The next cease-fire we need? An end to one-sided PR campaigns.
“The problem is that everyone in this conflict is right and everyone is wrong.”
Nearly twenty five years ago, I was part of a group of American law students living for the summer in the West Bank and we had the chance to meet Yossi Beilin, then a leading politician on the Israeli left. During our discussion, he said this to us and I’ve never forgotten it.
Today, I would add “everyone is in pain.”
I have spent the last two weeks, paralyzed and exhausted from digesting the news of ongoing devastation and trauma from Israel and Palestine.
I see analogous battles online. On the pages of Facebook friends and groups, one post after another looks for better talking points, angles for the next public relations (PR)battle, seeking to counter this or that argument, claiming that “context” is missing.
And where does it leave us? Dissatisfied and angry and exhausted.
If we can have a cease-fire in the actual war, let us call a cease-fire in the war over PR, the war over context, the war over the last word.
Instead we should focus on one simple act: acknowledging others’ pain.
Just acknowledge their pain and stay with all of its discomforts. One need not cede their point of view or perspective or give up on their beliefs. There is no painless resolution to this conflict. But we will all continue to experience more pain until we commit to resolving it, rather than winning it.
It is an old standby that “hurt people hurt people.” Israelis have hurt Palestinians, Palestinians have hurt Israelis, supporters of Israeli government policy here have hurt opponents of Israeli government policy and vice versa. There have been terrible antisemitic attacks against Jews for perceived association with Israel and vicious threats leveled at those supporting the rights of people in Gaza.
So maybe it’s time we stop and acknowledge the pain and suffering of everyone involved.
For my part, as an anti-occupation activist for many years I have tried desperately to ensure the American Jewish community understands the reality of Occupation and grasps the suffering and pain it causes both Palestinians who live under it and the Israelis who enforce it. But often this has led to me diminishing the voices of Israelis who desperately hope for security. I have often not listened to American Jews who rightly fear rising antisemitism. I have diminished the experience of others and refused to acknowledge the pain that many feel.
Is listening and acknowledging the pain of others the only answer to the future? No. It is just a “cease-fire.”
There are others embodying this kind of cease-fire: the Clubhouse group where Israelis and Palestinians are meeting, the “Omdim B’Yachad” marches and organizations like Resetting the Table that teach us to have hard conversations.

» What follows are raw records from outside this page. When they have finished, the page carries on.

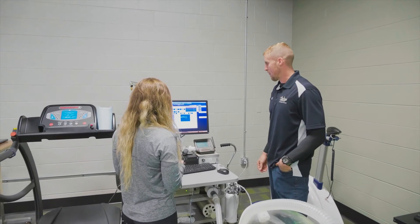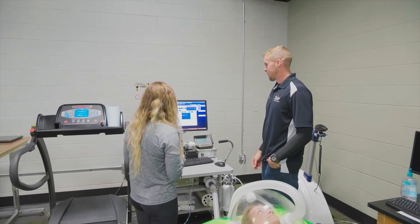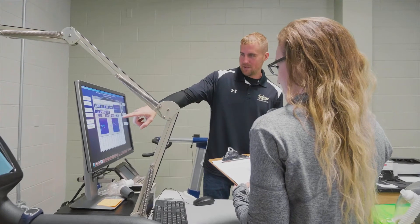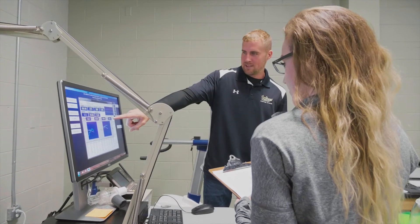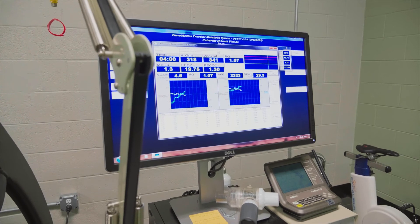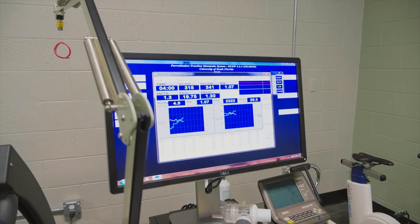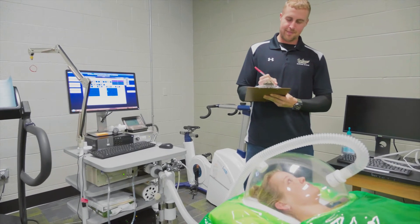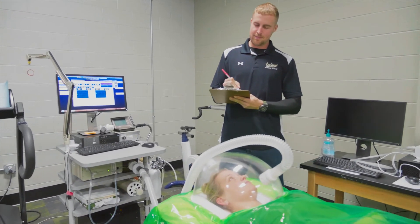RMR is a simple, non-invasive test that measures how many calories an individual spends at rest by determining the composition of their breath — so how much oxygen that person is consuming and how much CO2 or carbon dioxide that person is expiring. By determining the rate of oxygen consumption, we can determine that individual's resting energy expenditure.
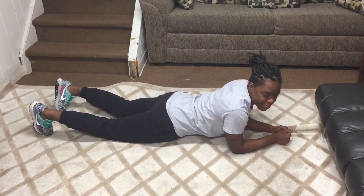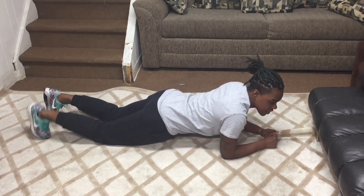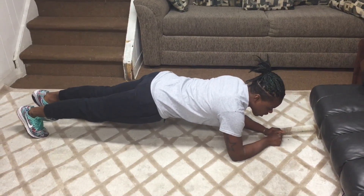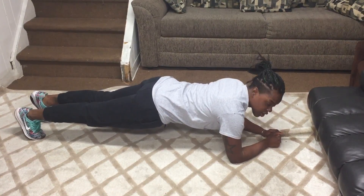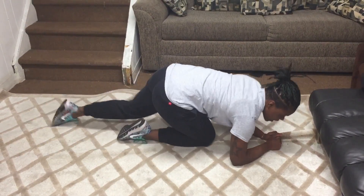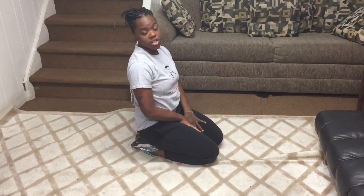We're going to do everybody's favorite — planks. Elbows and forearms on the floor, and make sure you keep your back straight. Commercials can be up to two minutes long, sometimes shorter, sometimes longer. So if two minutes is too long for you, just do increments of planks during the commercial break.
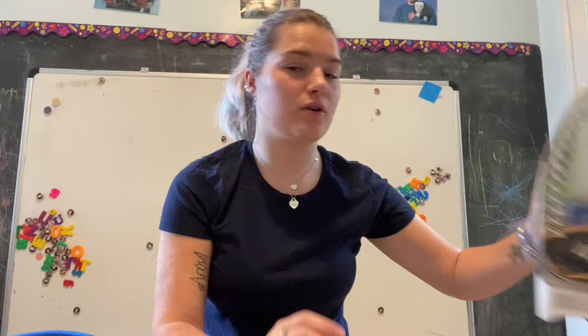Hi everyone! This is our 16th art lesson, second to last because this is the last week of school. Today you might need a little bit more help from a parent than usual in some of our lessons because today we're going to be using an iron.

This may all sound naive and simplistic, but I would argue that it’s no more naive than imagining that, after our communities have spent millions of dollars on PR campaigns for decades, that somehow now one more round of argument or talking point will work.
We need to find a new way forward, one that is rooted in understanding and acknowledging each other’s pain, whatever its roots, or else we will spend too many more years mourning that pain.
Brad Brooks-Rubin is a member of the New Israel Fund’s DC Leadership Council, an editor and frequent contributor at Jewschool and an active member of a conservative synagogue in Washington, D.C. He was was a member of the Hatikvah slate for the 2020 World Zionist Congress elections.